*** Begin section ***
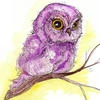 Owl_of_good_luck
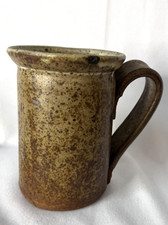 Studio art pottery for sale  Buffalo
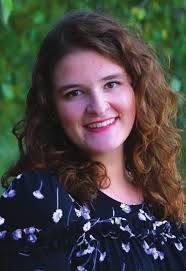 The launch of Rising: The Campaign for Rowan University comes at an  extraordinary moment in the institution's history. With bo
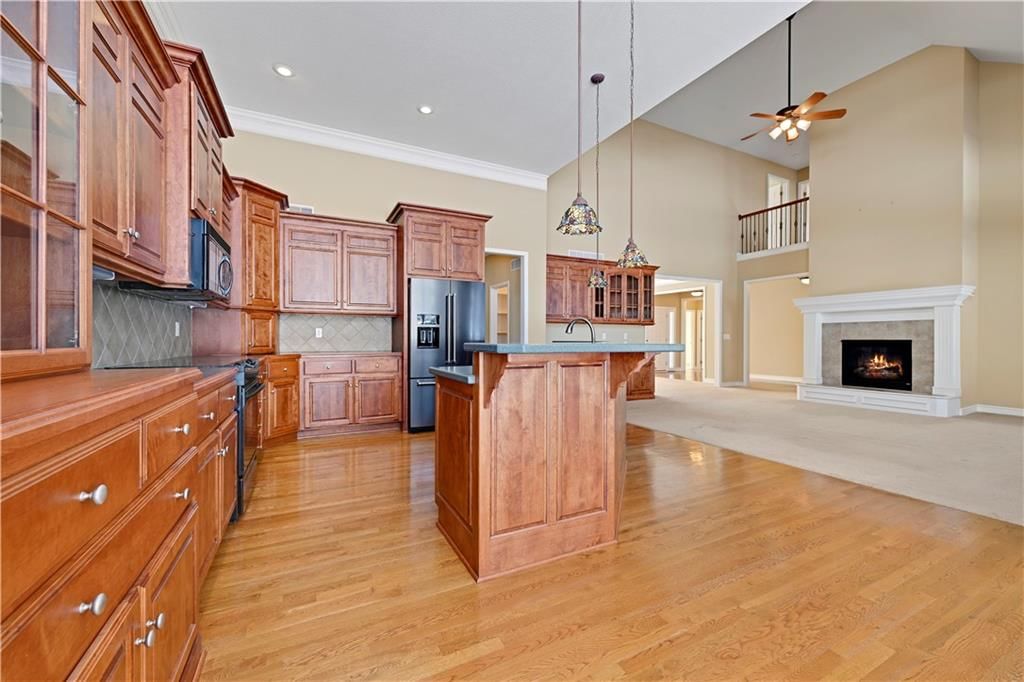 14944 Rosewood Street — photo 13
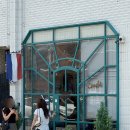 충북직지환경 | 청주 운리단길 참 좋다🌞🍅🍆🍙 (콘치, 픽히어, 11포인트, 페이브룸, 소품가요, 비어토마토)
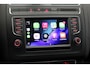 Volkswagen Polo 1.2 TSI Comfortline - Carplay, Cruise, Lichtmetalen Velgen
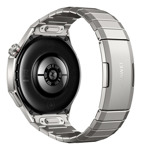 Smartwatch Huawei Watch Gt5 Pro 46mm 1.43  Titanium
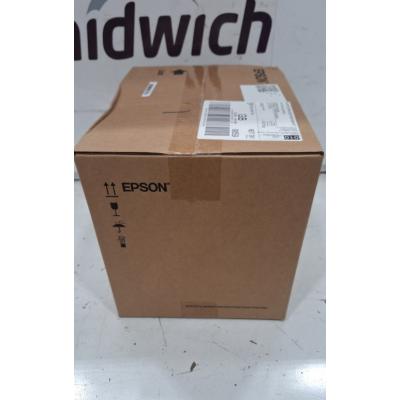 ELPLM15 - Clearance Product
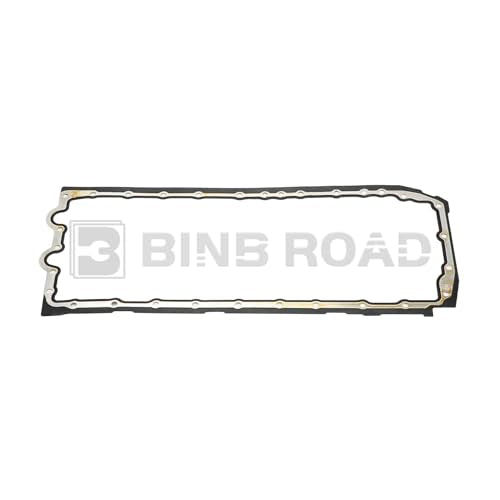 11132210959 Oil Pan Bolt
*** End section ***
The task
The entries above are to be reproduced exactly, with the pictures dropped.

Response to the task
 Owl_of_good_luck
 Studio art pottery for sale  Buffalo
 The launch of Rising: The Campaign for Rowan University comes at an  extraordinary moment in the institution's history. With bo
 14944 Rosewood Street — photo 13
 충북직지환경 | 청주 운리단길 참 좋다🌞🍅🍆🍙 (콘치, 픽히어, 11포인트, 페이브룸, 소품가요, 비어토마토)
 Volkswagen Polo 1.2 TSI Comfortline - Carplay, Cruise, Lichtmetalen Velgen
 Smartwatch Huawei Watch Gt5 Pro 46mm 1.43  Titanium
 ELPLM15 - Clearance Product
 11132210959 Oil Pan Bolt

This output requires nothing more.